GradCAM produces heat maps (see images above) that reflect the discriminator’s criticisms on the last iteration, and make them available to the generator.
Once the model is formed, the mapping remains an artifact of this cooperative process, but can also be used to explore the final latent code in the interactive way demonstrated in the researchers’ project video (see below).
The project used a number of popular datasets, including the LSUN Cat and Churches datasets, as well as the FFHQ dataset. The video below also shows examples of facial and feline manipulation using EqGAN.
All images were resized to 256×256 prior to training EqGAN on the official StyleGAN2 implementation.
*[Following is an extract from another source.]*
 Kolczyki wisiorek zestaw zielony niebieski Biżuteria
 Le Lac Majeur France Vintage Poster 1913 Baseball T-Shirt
The model was trained at a batch size of 64 on 8 GPUs until the discriminator was exposed to over 25 million frames.
By testing the results of the system on selected samples with Frechet Inception Distance (FID), the authors established a metric called the imbalance indicator (DI) – the degree to which the discriminator retains its knowledge advantage over the generator, in the goal of reducing this gap. .
Of the three datasets formed, the new metric showed a useful drop after encoding spatial awareness in the generator, with better balance demonstrated by both FID and DI.
The researchers conclude:
“We hope that this work can inspire further work on revising the GAN balance and develop more innovative methods to improve the quality of image synthesis by maneuvering the balance of the GAN.” We will also conduct a more theoretical investigation of this issue in future work. ‘
And carry on:
“The qualitative results show that our method has succeeded [forces the Generator] focus on specific regions. Experiments on various datasets validate that our method alleviates the imbalance in GAN training and significantly improves the overall quality of image synthesis. The resulting model with spatial awareness also allows interactive manipulation of the output image. ‘
Take a look at the video below for more details on the project and other examples of dynamic and interactive exploration of latent space in a GAN.